* PROBLEM:
From the first line to the last, output the data exactly as it stands, minus its pictures.

* EXERCISE DATA:
--------------------------------------------------

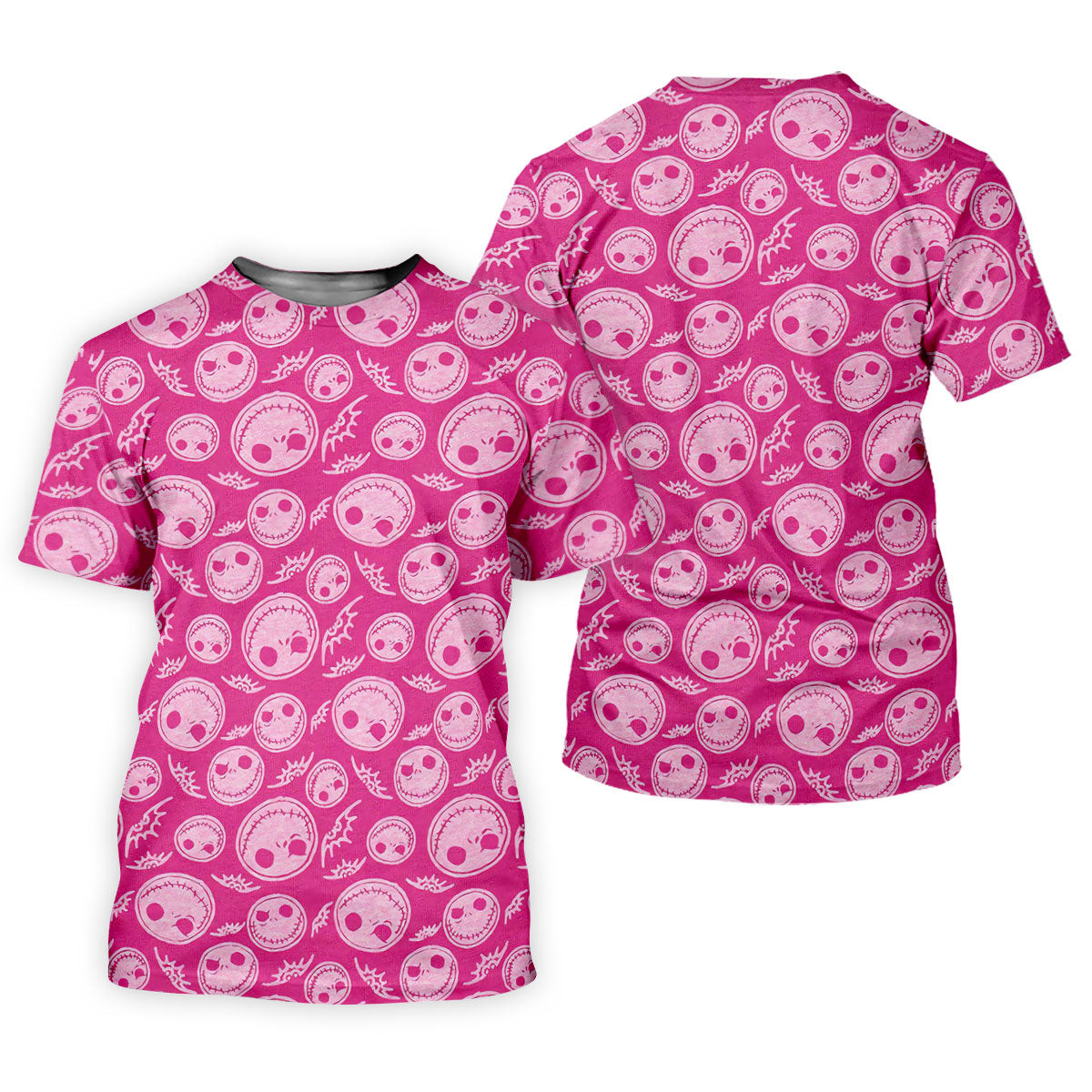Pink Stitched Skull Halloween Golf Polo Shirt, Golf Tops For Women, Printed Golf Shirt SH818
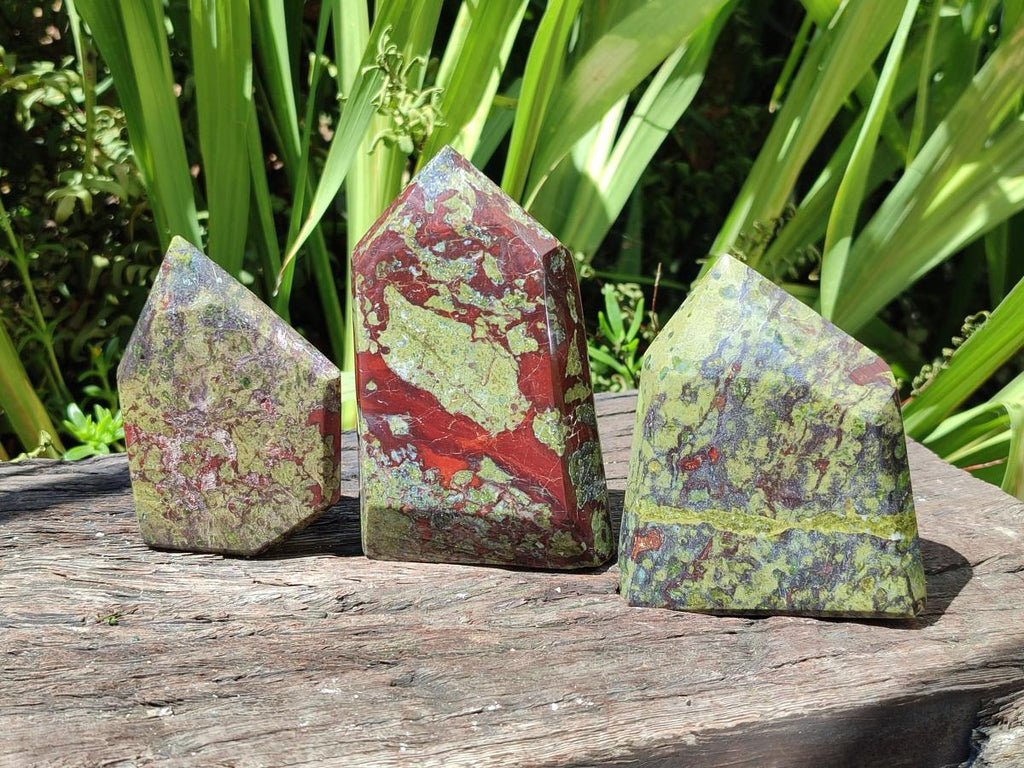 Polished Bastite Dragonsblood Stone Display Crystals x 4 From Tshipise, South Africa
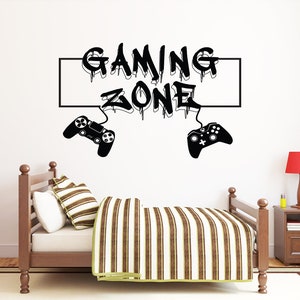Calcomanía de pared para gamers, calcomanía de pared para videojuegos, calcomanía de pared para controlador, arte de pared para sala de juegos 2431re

--------------------------------------------------

* SOLUTION BELOW:
Pink Stitched Skull Halloween Golf Polo Shirt, Golf Tops For Women, Printed Golf Shirt SH818
 Polished Bastite Dragonsblood Stone Display Crystals x 4 From Tshipise, South Africa
Calcomanía de pared para gamers, calcomanía de pared para videojuegos, calcomanía de pared para controlador, arte de pared para sala de juegos 2431re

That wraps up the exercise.